Any website to RSS (for later processing) #28

fabriziosalmi · 2024-06-25T12:10:02Z

Is your feature request related to a problem? Please describe.

Convert any website to RSS (for later processing)

Step 1: Create the Project Structure

Create a new GitHub repository.
Inside the repository, create the following directory structure:

.
├── .github
│   └── workflows
│       └── scrape_and_convert.yml
├── tools
│   ├── scrape_to_rdf.py
│   ├── rdf_to_rss.py
├── requirements.txt

Step 2: Define Python Scripts

tools/scrape_to_rdf.py:

import sys
import requests
from bs4 import BeautifulSoup
from rdflib import Graph, Literal, RDF, URIRef
from rdflib.namespace import FOAF, DC

def scrape_to_rdf(url, rdf_output_path):
    response = requests.get(url)
    soup = BeautifulSoup(response.content, 'html.parser')

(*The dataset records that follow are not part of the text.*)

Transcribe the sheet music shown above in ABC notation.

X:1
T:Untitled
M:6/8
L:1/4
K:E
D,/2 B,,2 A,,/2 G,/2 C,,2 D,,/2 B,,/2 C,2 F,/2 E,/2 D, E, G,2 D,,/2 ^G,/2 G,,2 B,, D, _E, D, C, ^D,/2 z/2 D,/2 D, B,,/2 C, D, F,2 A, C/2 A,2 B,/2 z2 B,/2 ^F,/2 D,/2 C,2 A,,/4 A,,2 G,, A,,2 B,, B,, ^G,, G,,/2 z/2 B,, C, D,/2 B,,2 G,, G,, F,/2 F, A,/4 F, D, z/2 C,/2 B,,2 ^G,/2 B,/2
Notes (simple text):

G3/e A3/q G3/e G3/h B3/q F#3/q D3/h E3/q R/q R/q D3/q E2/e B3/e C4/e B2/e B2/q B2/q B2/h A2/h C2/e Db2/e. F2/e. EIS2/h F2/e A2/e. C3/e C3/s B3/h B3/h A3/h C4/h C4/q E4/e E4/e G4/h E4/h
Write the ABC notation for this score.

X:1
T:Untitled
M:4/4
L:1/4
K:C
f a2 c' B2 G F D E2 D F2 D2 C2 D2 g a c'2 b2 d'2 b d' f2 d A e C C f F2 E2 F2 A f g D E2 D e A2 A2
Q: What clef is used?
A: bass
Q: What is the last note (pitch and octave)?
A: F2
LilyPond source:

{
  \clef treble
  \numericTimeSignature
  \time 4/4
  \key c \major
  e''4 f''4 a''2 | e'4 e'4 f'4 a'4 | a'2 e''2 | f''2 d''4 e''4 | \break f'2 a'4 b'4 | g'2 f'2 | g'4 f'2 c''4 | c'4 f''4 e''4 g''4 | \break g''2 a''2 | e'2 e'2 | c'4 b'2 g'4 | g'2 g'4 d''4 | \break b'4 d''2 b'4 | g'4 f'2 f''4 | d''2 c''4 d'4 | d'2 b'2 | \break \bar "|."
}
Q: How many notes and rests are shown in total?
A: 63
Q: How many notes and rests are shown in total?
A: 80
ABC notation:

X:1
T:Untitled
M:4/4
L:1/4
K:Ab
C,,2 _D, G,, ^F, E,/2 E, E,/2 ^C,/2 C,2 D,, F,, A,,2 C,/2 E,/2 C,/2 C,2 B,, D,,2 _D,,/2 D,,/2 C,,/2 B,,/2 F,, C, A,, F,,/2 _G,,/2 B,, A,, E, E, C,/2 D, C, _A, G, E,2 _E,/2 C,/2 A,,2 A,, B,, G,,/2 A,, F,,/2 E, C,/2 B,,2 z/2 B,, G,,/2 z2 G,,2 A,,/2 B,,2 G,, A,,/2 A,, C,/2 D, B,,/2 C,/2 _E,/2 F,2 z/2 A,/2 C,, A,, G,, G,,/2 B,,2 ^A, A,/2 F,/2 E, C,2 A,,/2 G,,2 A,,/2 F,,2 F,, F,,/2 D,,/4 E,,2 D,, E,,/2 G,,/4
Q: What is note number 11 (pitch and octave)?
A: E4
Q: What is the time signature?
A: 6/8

    articles = soup.find_all('div', class_='article')
    data = []

    for article in articles:
        title = article.find('h2').text
        link = article.find('a')['href']
        description = article.find('p').text if article.find('p') else ''
        data.append({'title': title, 'link': link, 'description': description})

    g = Graph()
    EX = URIRef("http://example.org/")

    for item in data:
        article_uri = URIRef(item['link'])
        g.add((article_uri, RDF.type, FOAF.Document))
        g.add((article_uri, DC.title, Literal(item['title'])))
        g.add((article_uri, FOAF.homepage, URIRef(item['link'])))
        g.add((article_uri, DC.description, Literal(item['description'])))

    g.serialize(destination=rdf_output_path, format='turtle')

if __name__ == "__main__":
    scrape_to_rdf(sys.argv[1], sys.argv[2])

tools/rdf_to_rss.py:

import sys
from rdflib import Graph, FOAF, DC
from lxml import etree

def rdf_to_rss(rdf_input_path, rss_output_path):
    g = Graph()
    g.parse(rdf_input_path, format="turtle")

    data = []
    for s, p, o in g:
        if p == DC.title:
            title = o
            link = [o2 for s2, p2, o2 in g.triples((s, FOAF.homepage, None))][0]
            description = [o3 for s3, p3, o3 in g.triples((s, DC.description, None))]
            description = description[0] if description else ''
            data.append({'title': title, 'link': link, 'description': description})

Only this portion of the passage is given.